$f(x)$ are continues at x=0, "if $\exists \lim \frac{\left\{f(x)-f(-x)\right\}}{x}$ then $f^{\prime}(0)$ exist " are error. how to proof? $f(x)$ are continues at x=0, if $$\exists \lim _{x\to 0} \frac{f(x)-f(-x)}{x}$$ then $f^{\prime}(0)$ exist. how to proof this proposition is error? * * * P.S. As obversely $f(x) = | x |$ are fitting.how to proof it generalization.

If $f$ is even, that means $f(x)=f(-x)$, then $\frac{f(x)-f(-x)}{x}=0$. Hence $\exists \lim _{x\to 0} \frac{f(x)-f(-x)}{x}$.

Suppose that the statement is true.

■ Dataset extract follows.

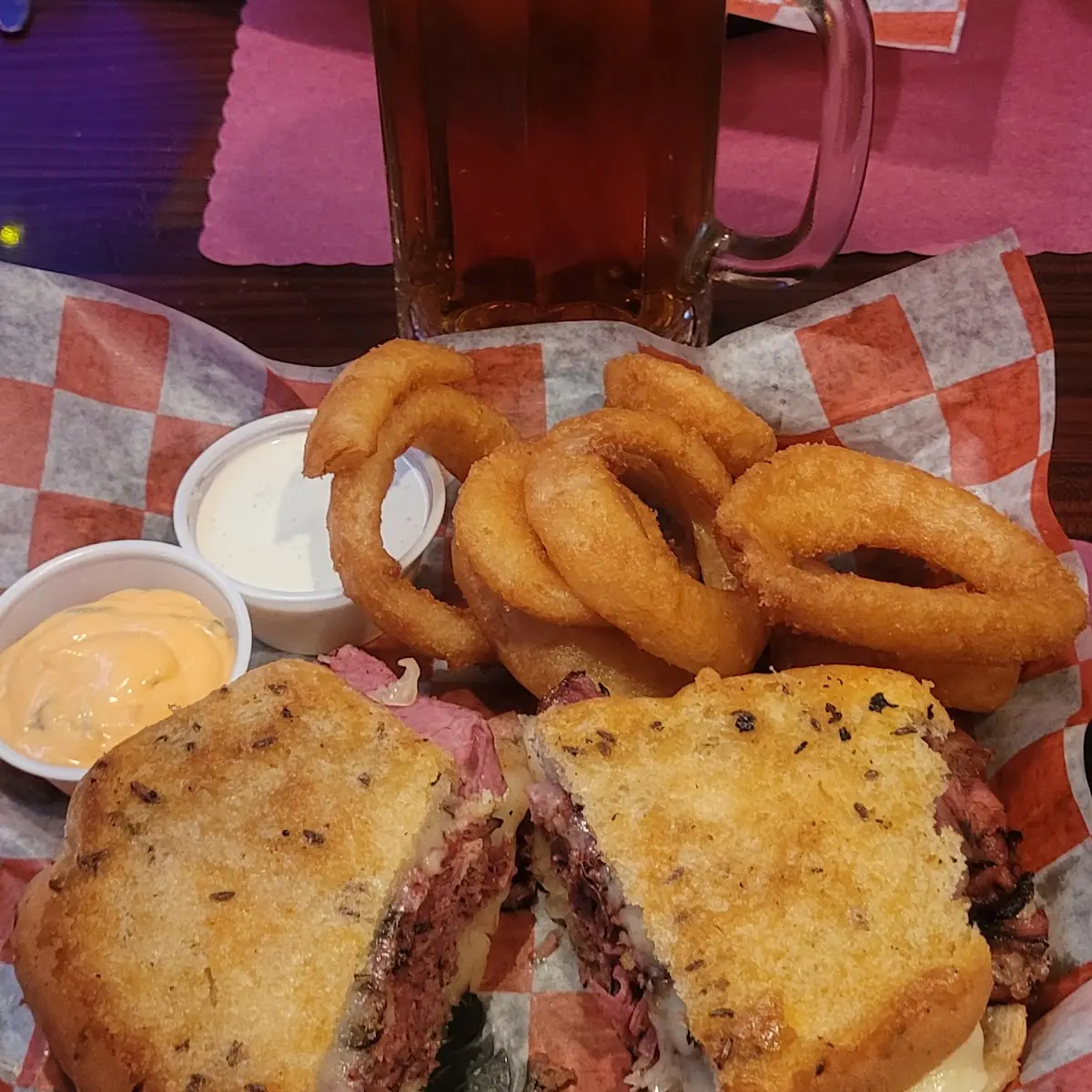 Drunken Cheese Burger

Then we would have:

"each even function is differentiable at $0$".

If $f$ is odd, that means $f(-x)=-f(x),$ then we have $\frac{f(x)-f(-x)}{x}=\frac{2f(x)}{x}$. Since in this case $f(0)=0$ we derive

$\frac{f(x)-f(-x)}{x}=2\frac{f(x)-f(0)}{x-0}$.

Suppose that the statement is true. Then we would have:

"each odd function is differentiable at $0$".